The influence of elevated CO2 on NF-kappaB pathway activation

Abstract

Carbon dioxide (CO2) makes up 0.04% of the earth’s atmosphere and plays a vital role in many biological processes, including photosynthesis and respiration. Abnormal elevations in CO2 levels (hypercapnia) within the body can be pathogenic or medically induced (termed permissive hypercapnia). Permissive hypercapnia has been found to improve the morbidity and mortality rates of patients suffering from Acute Respiratory Distress Syndrome (ARDS). This has led to the discovery that hypercapnia acidosis potentially reduces both lung injury and NF-kappaB induced inflammation. CO2 is hydrated into carbonic acid by the enzyme carbonic anhydrase, which spontaneously dissociates into bicarbonate and hydrogen ions. Therefore, when CO2 increases there is also an increase in hydrogen ions, causing an acidosis. There is conflicting evidence which indicates that both the elevations in CO2 and secondary pH reductions are the primary cause for attenuating NF-kappaB activation. Evidence from this thesis would indicate that both elevated CO2 and reductions in pH, via different mechanisms, reduces NF-kappaB activation within the NF-kappaB/293/GFP/LucTM reporter cell line.
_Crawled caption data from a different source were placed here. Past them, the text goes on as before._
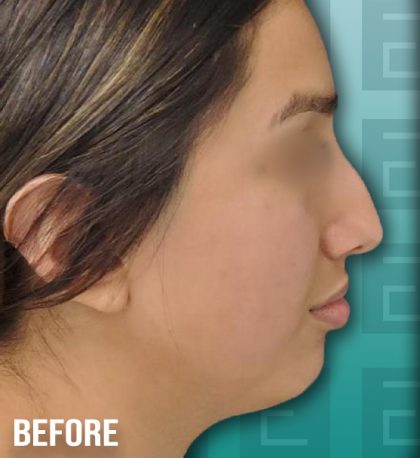 Rhinoplasty Before & After Patient #4185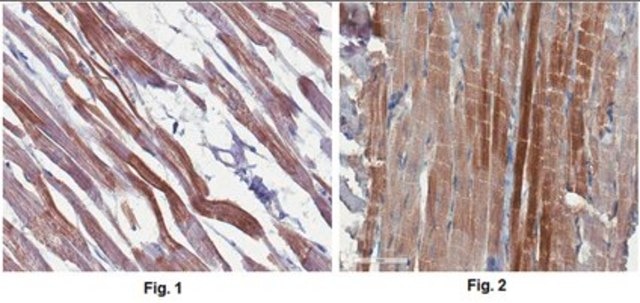 Anti-ANKRD1/CARP Antibody, clone 12G8.2 clone 12G8.2, from mouse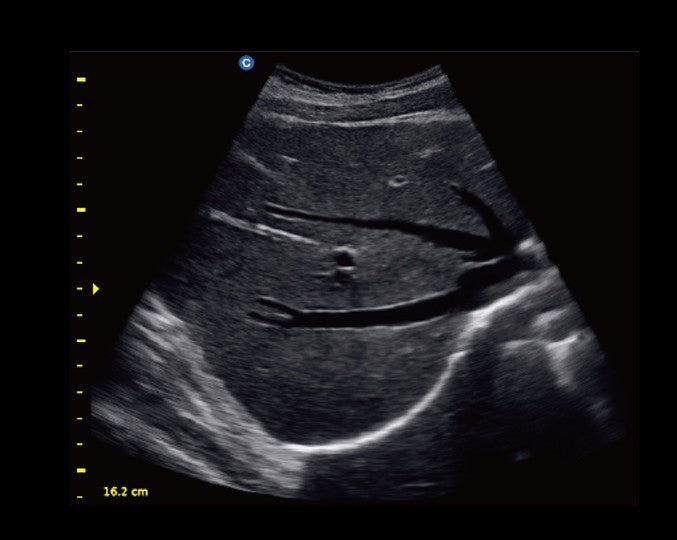 Ecografo Color-Doppler portatile CHISON ECO5 - senza sonde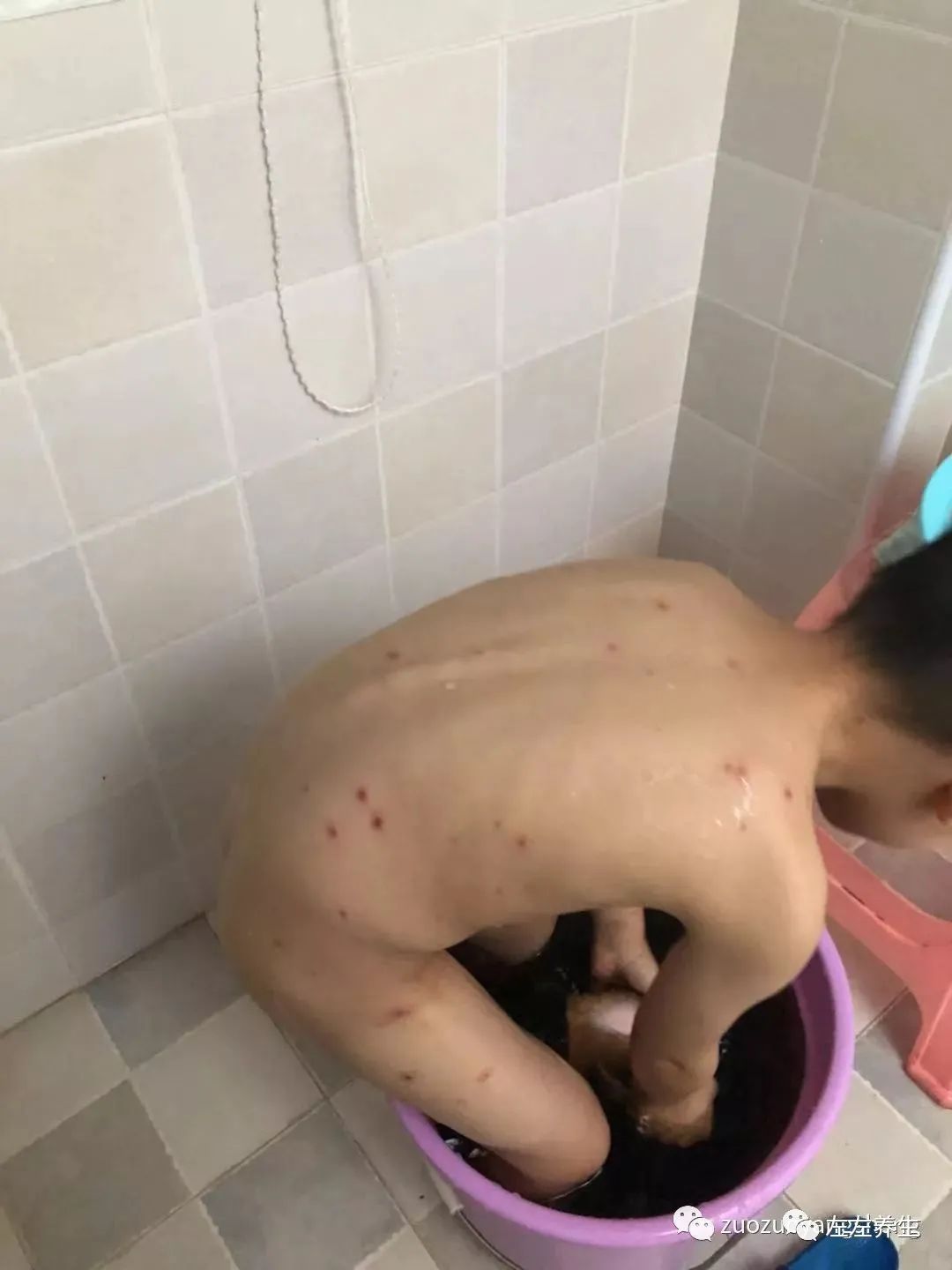 案例分享:5岁小孩水痘调理案例 案例分享:5岁小孩水痘调理案例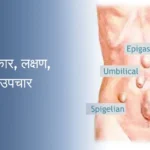 Hernia Types, Symptoms, Causes & Treatment
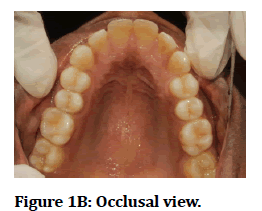 medical-dental-science-Occlusal-view
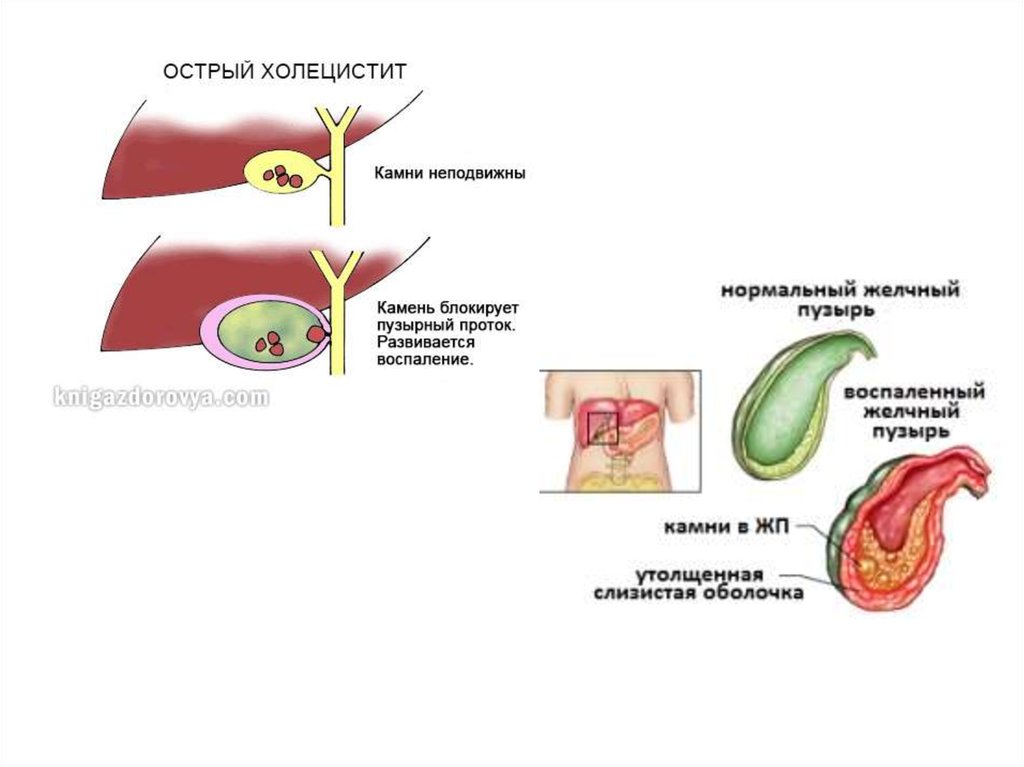 Холецистит книги. Памятка по холециститу.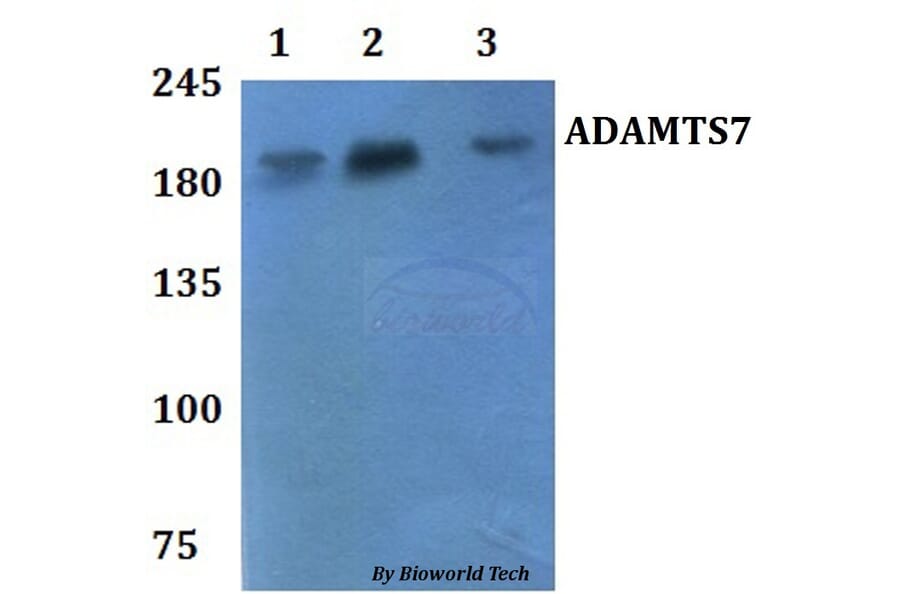 Anti-ADAMTS7 Antibody from Bioworld Technology (BS61127) - Antibodies.com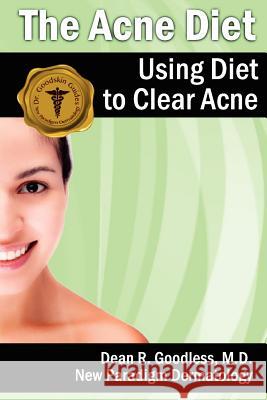 The Acne Diet: Using Diet to Clear Acne Dean R. Goodles 9781468130355 Createspace - książka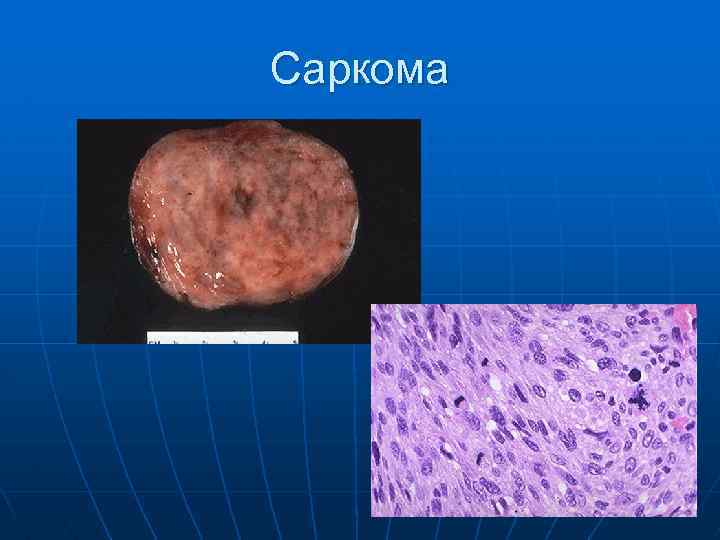 Саркома 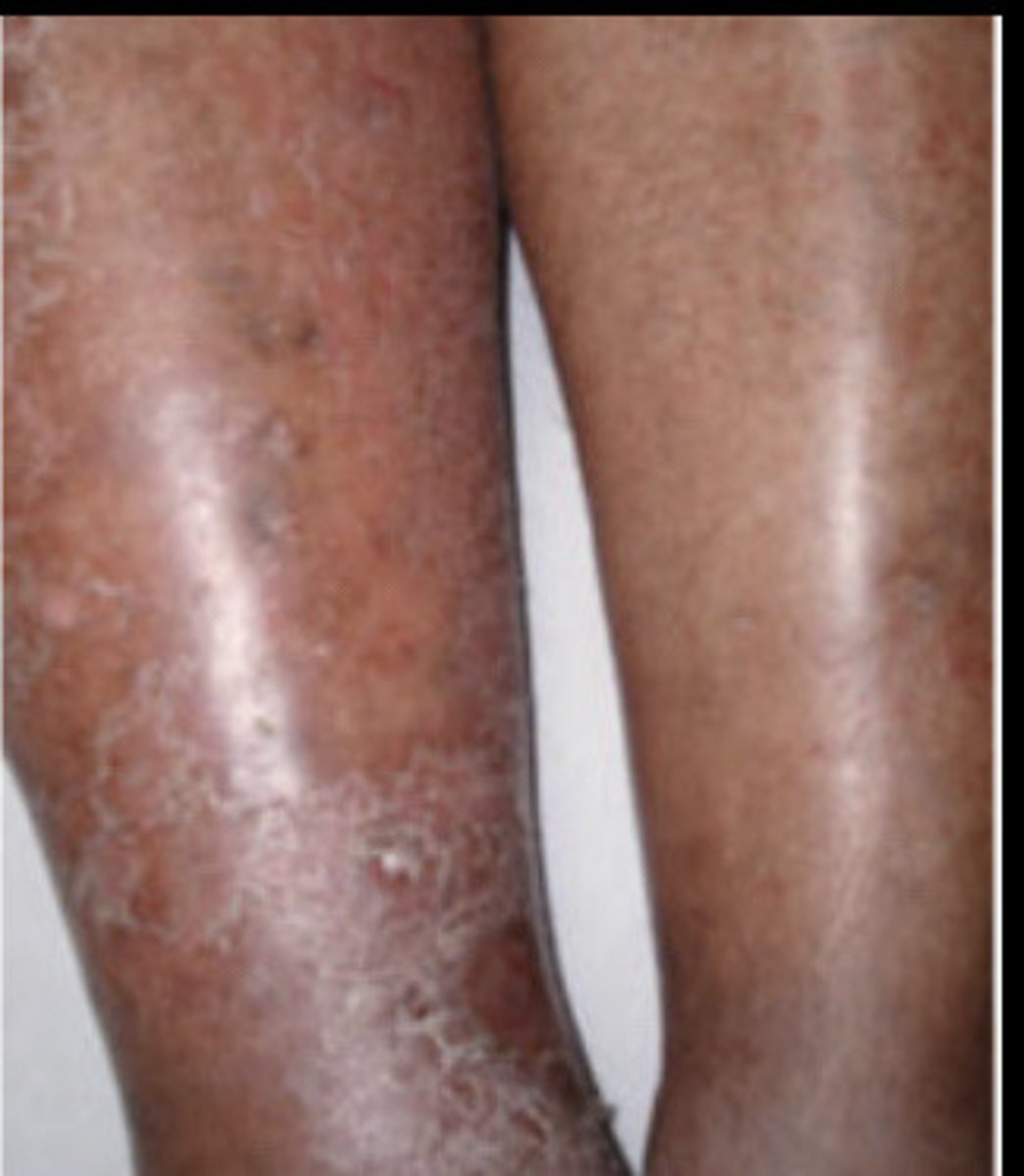 <p>Stasis Dermatitis</p>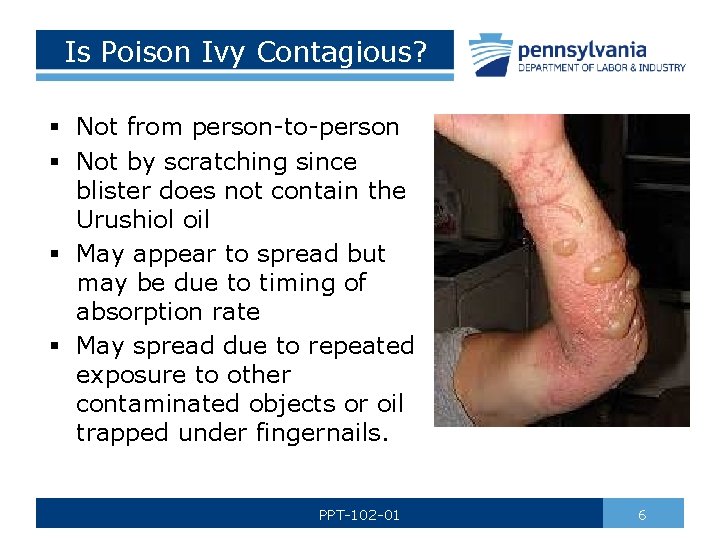 Poison Ivy Awareness Bureau of Workers Compensation PA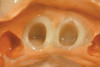 Figure 12  Postoperative photograph with bonded full-contour restorations in place on the posterior teeth and incisally layered anterior teeth.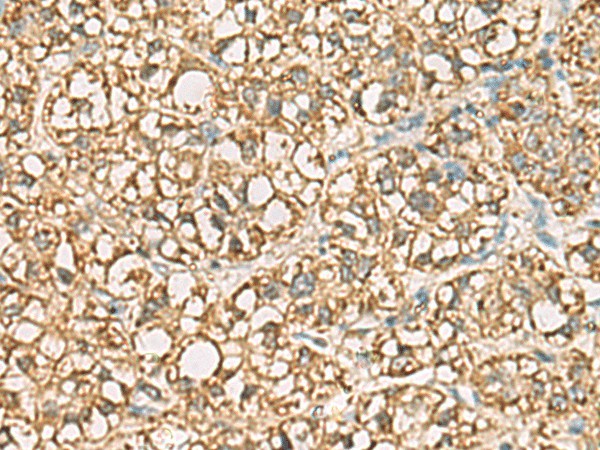 VTA1 Polyclonal Antibody (E-AB-53134)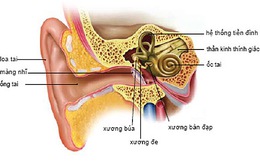 Dùng giấy quyến vá màng nhĩ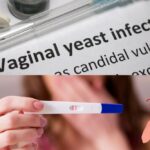 Is A Yeast Infection After Ovulation A Sign Of Pregnancy?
CO2 is normally an inert gas but under physiological conditions CO2 can interact with neutral amines to form carbamates. Recent advancements in trapping this highly labile interaction, has led to the discovery of carbamate formation at K48 of ubiquitin. Ubiquitin can form chains which tag proteins, and K48 linked polyubiquitin chains signal for protein degradation via the 26S proteasome. NF-kappaB activation requires the degradation of the inhibitor, IkappaBalpha, via K48 polyubiquitin tagging. It is therefore hypothesised that hypercapnia reduces NF-kappaB activation via carbamylation of K48. This would then prevent K48 polyubiquitination and the breakdown IkappaBalpha. Evidence from this thesis confirms the importance of K48 linked ubiquitin for NF-kappaB activation, and provides compelling evidence that hypercapnia acts via reducing K48 polyubiquitination.